Lebanon seeks buffer for vacuum
Beirut
Lebanon has asked four Western countries to send a buffer force to the mountains near Beirut to check any Syrian advance into positions abandoned by Israel on Sunday, a source at the presidential palace said Wednesday. The source said the request was put to the United States, France, Italy, and Britain, which are providing 5,400 troops for a Beirut peace force. In Syria, President Hafez Assad met US envoy Robert McFarlane to discuss a cease-fire between warring factions in Lebanon. No details of the talks were released.
Meanwhile, French Super Etendard warplanes attacked Druze Muslim positions in the mountains east of Beirut in retaliation for an artillery assault on the French Embassy compound that killed a French officer and his driver and wounded seven others, a Lebanese Army spokesman said. The French Embassy, however, said unarmed French reconnaissance planes only surveyed the area and did not attack.
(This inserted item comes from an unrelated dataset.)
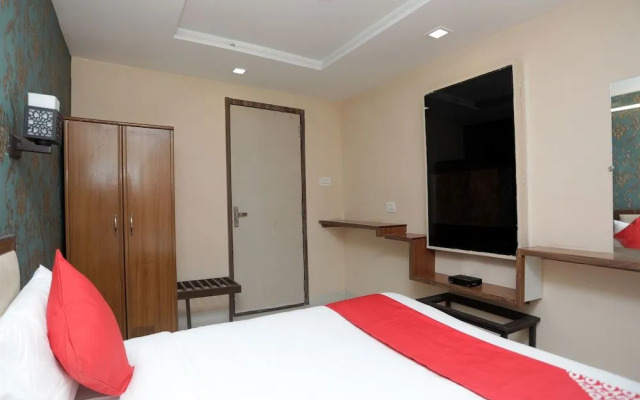 OYO 13134 Grand Regency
Druze gunners rained shells on Beirut and Palestinian guerrillas joined the Druze militia in the mountains to the east for a major assault on the capital's southern suburbs, Lebanese officials said. Elsewhere, at least six people were killed and 27 wounded when a car bomb destroyed a west Beirut building near the headquarters of the leftist Muslim Murabitoun militia, state-run Beirut radio reported.